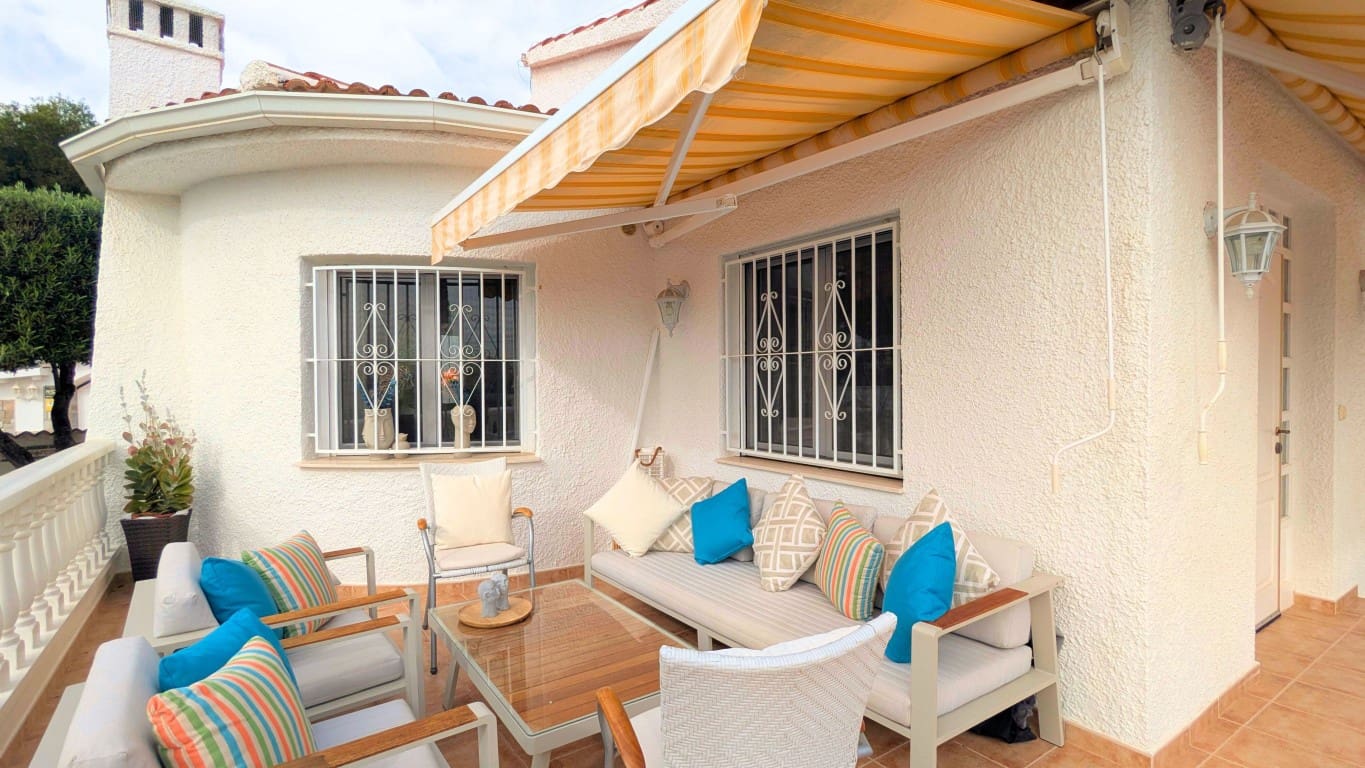 4 bedroom Villa for sale in Ciudad Quesada with pool garage - € 490,000 (Ref: 9405836)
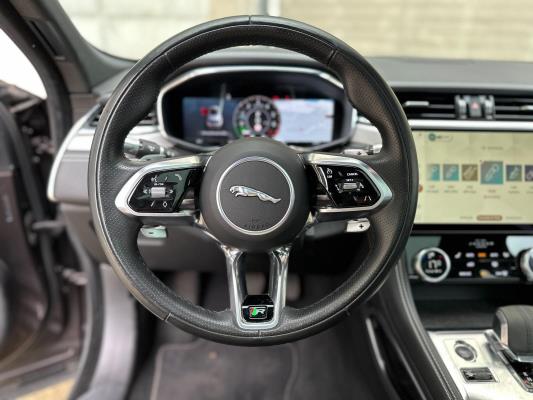 Jaguar F-PACE P400e PHEV R-Dynamic S 2.0 404pk 2021, R-154-VJ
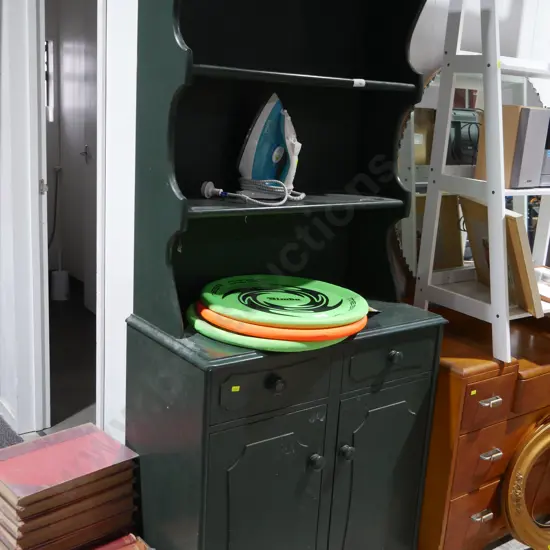 Hutch dresser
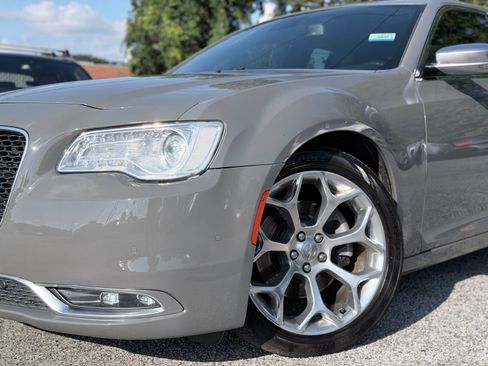 Used 2018 Chrysler 300 C w/ Safetytec Plus Group RWD image 15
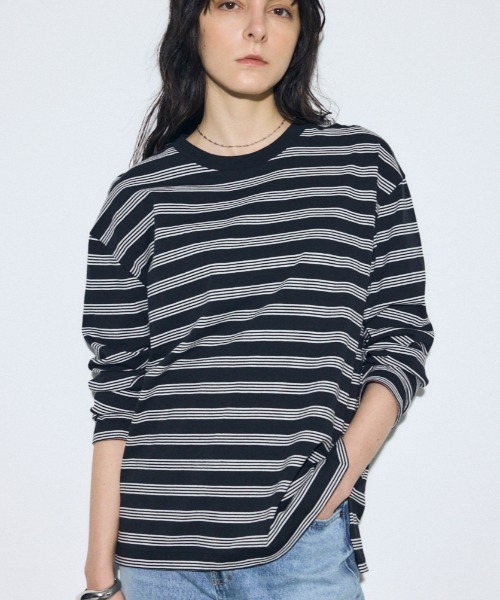 AZUL by moussy（アズールバイマウジー）の「マルチボーダー長袖トップス（Tシャツ/カットソー・レディース・ブラック系その他/ブルー系その他/イエロー系その他・FREE）」の2枚目の写真
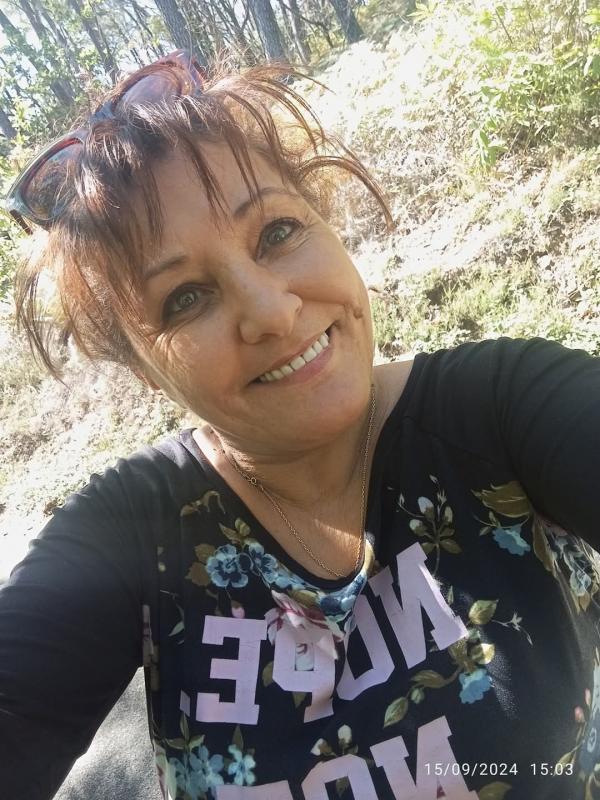 Khaina 59 ans Nîmes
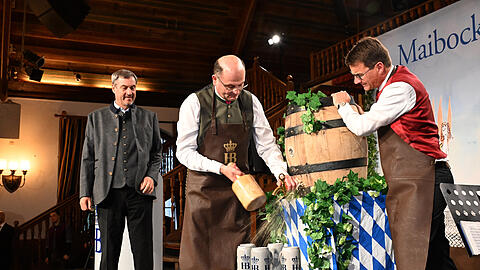 Markus Söder (v.l.n.r.), Albert Füracker und Jörg Lehmann, Direktor des Staatlichen Hofbräuhauses beim Maibock-Anstich. Markus Söder (v.l.n.r.), Albert Füracker und Jörg Lehmann, Direktor des Staatlichen Hofbräuhauses beim Maibock-Anstich.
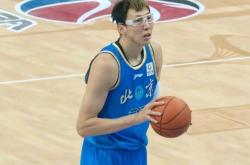 风云突变！深圳男篮集结日手感冰凉；法甲版图或变；更衣室稳定；纪律约束更严格 -多米app下载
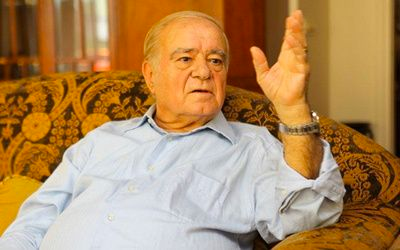 Sözcü yazarı, ısrarla kaşınıyor! Yine kendini rezil edeceksin değil mi?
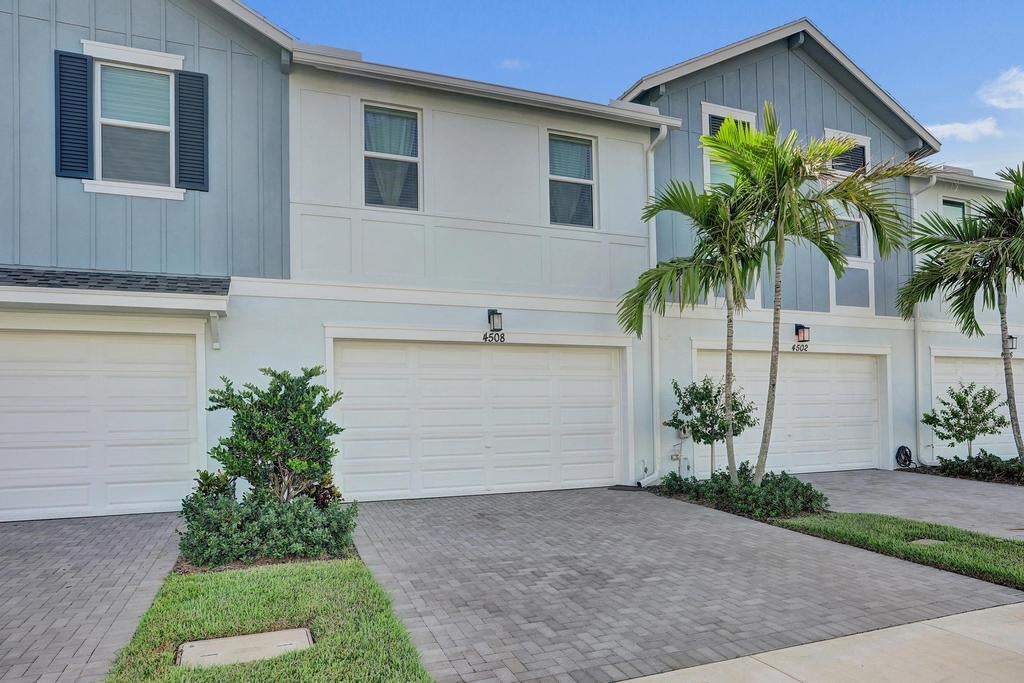 4508 Longwood Lake Square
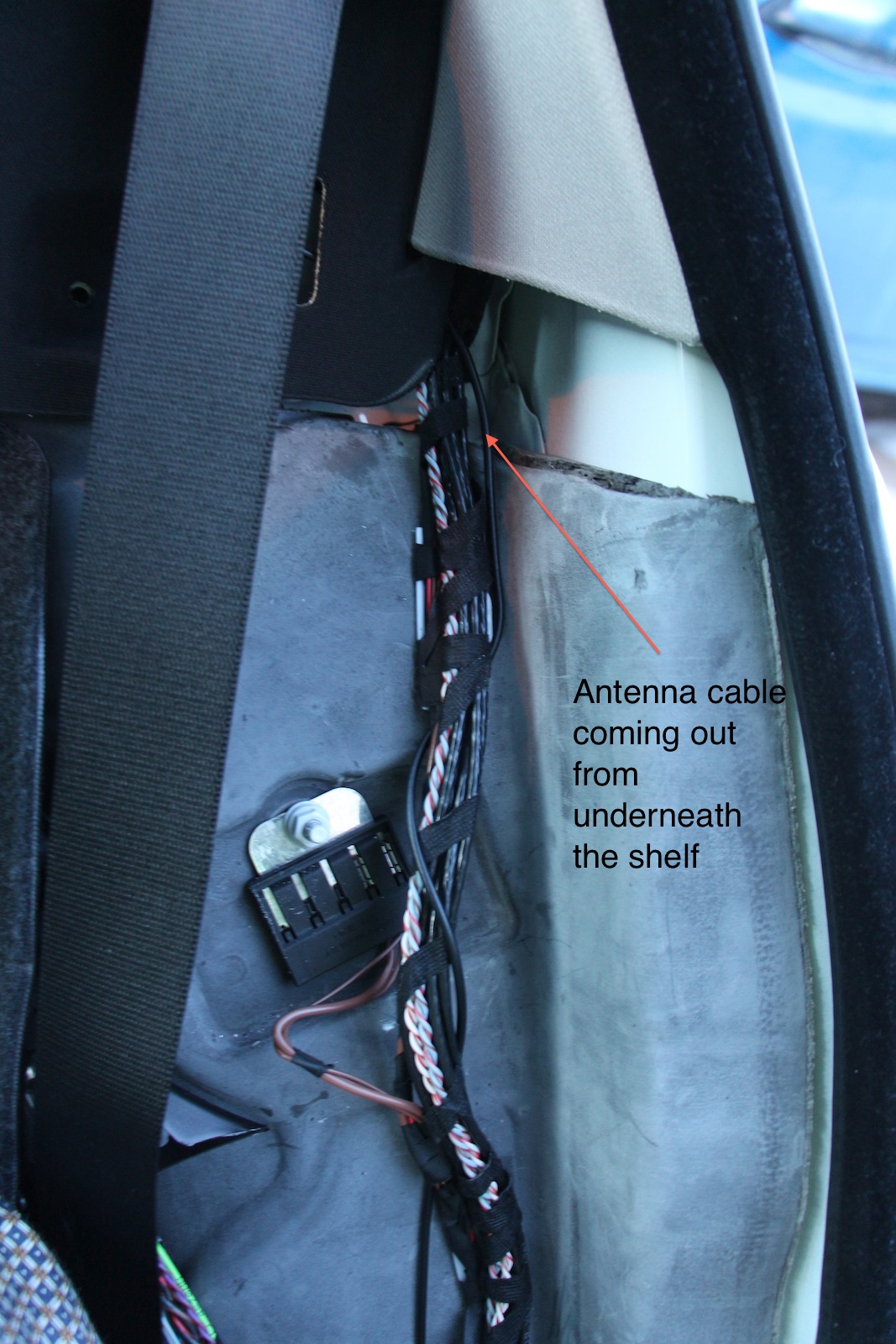 Name:  antenna cable out of the parcel shelf.jpg
Views: 45238
Size:  395.3 KB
..............................
Task requirements
Nothing but an exact copy is asked for: the lines from the start of the records through the line with "Khaina 59 ans Nîmes", both ends included, minus any pictures.

Output for this exercise
 4 bedroom Villa for sale in Ciudad Quesada with pool garage - € 490,000 (Ref: 9405836)
 Jaguar F-PACE P400e PHEV R-Dynamic S 2.0 404pk 2021, R-154-VJ
 Hutch dresser
 Used 2018 Chrysler 300 C w/ Safetytec Plus Group RWD image 15
 AZUL by moussy（アズールバイマウジー）の「マルチボーダー長袖トップス（Tシャツ/カットソー・レディース・ブラック系その他/ブルー系その他/イエロー系その他・FREE）」の2枚目の写真
 Khaina 59 ans Nîmes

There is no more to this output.